When the lockup clutch 14 is operated, the double damper transmits the driving force of the engine E to the lockup clutch 14 through the front cover 4, and the driving force transmitted to the lockup clutch 14 is controlled by the torsional damper. It is transmitted to the turbine through the first damping unit (K1), the turbine acts as a mass body, is transmitted to the second damping unit (K2), and then continues to be transmitted to the input shaft 21 of the transmission (T).

At this time, the vibration and shock in the rotation direction are sequentially absorbed while passing through the first damping portion K1 and the second damping portion K2, and the turbine serves as a mass body, thereby maximizing the vibration damping effect by the inertial force.

2 is a cross-sectional view of the torque converter to which the above-described double damper structure is applied in an axial direction.

The torque converter of the present invention is disposed at a position facing the impeller 6 and the impeller 6, which are connected to the crankshaft on the engine side and rotated, connected to the front cover 4, and rotated together.

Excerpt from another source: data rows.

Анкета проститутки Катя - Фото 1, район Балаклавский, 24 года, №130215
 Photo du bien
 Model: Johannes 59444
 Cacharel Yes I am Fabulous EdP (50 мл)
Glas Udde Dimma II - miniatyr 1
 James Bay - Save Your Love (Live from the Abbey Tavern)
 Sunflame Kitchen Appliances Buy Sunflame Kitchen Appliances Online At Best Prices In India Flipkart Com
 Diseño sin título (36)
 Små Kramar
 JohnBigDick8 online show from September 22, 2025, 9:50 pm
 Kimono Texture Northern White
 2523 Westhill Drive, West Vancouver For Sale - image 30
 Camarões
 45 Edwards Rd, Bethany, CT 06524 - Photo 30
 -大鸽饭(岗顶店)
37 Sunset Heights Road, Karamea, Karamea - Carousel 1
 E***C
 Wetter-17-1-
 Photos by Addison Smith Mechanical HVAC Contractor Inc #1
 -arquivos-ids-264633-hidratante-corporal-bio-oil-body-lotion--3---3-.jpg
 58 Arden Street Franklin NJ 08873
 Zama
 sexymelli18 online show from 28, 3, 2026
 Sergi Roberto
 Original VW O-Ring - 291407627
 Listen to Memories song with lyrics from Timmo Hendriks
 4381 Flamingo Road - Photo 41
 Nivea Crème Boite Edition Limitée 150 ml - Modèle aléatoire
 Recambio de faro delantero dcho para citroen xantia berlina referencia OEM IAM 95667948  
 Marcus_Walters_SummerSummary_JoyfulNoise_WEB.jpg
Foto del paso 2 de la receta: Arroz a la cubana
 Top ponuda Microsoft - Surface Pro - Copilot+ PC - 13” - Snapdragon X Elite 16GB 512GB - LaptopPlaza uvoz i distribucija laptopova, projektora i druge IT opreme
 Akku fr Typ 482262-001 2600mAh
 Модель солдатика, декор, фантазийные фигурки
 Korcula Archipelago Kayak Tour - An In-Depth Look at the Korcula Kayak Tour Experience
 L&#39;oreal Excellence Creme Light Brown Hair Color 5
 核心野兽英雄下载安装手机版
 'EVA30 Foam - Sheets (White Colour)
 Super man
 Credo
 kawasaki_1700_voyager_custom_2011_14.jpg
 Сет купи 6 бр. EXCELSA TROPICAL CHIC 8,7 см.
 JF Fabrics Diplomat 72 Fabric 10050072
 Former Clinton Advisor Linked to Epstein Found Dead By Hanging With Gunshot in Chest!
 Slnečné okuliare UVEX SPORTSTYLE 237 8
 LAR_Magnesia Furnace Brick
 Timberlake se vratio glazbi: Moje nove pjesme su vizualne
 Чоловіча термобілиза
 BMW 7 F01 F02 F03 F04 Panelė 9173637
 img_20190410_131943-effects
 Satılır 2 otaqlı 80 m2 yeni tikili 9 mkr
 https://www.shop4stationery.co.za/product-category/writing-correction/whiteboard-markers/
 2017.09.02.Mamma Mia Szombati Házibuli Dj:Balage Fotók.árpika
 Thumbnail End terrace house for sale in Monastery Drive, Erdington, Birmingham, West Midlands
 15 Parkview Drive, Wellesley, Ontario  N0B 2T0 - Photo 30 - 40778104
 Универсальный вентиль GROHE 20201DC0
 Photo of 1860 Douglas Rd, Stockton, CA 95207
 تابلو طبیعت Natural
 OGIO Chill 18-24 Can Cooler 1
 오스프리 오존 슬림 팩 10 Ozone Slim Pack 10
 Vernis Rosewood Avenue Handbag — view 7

Turbine 8 and a reactor 10 (also referred to as a "stator") located between the impeller 6 and the turbine 8 to redirect the flow of oil from the turbine 8 to the impeller 6 side. do. The reactor 10 delivering oil to the impeller 6 side has the same center of rotation as the front cover 4. And the lockup clutch 14 used as a means for directly connecting the engine and the transmission is disposed between the front cover 4 and the turbine (8).

The lockup clutch 14 is formed in a substantially disk shape and has a piston 16 that can move in the axial direction. One side of the piston 16 is provided with a piston drive plate 31 disposed on the same axis as the piston 16. The piston drive plate 31 is engaged by the piston 16 and the leaf springs and used to press the piston 16 to the front cover 4 side. This lockup clutch 14 structure can be applied to large engines that require large torque.

The friction material assembly 33 is disposed between the piston 16 and the front cover 4. In the friction material assembly 33, a core plate 35 made of a donut-shaped plate is disposed at the center thereof, and the first friction material 37 and the second friction material 39 are coupled to both surfaces of the core plate 35.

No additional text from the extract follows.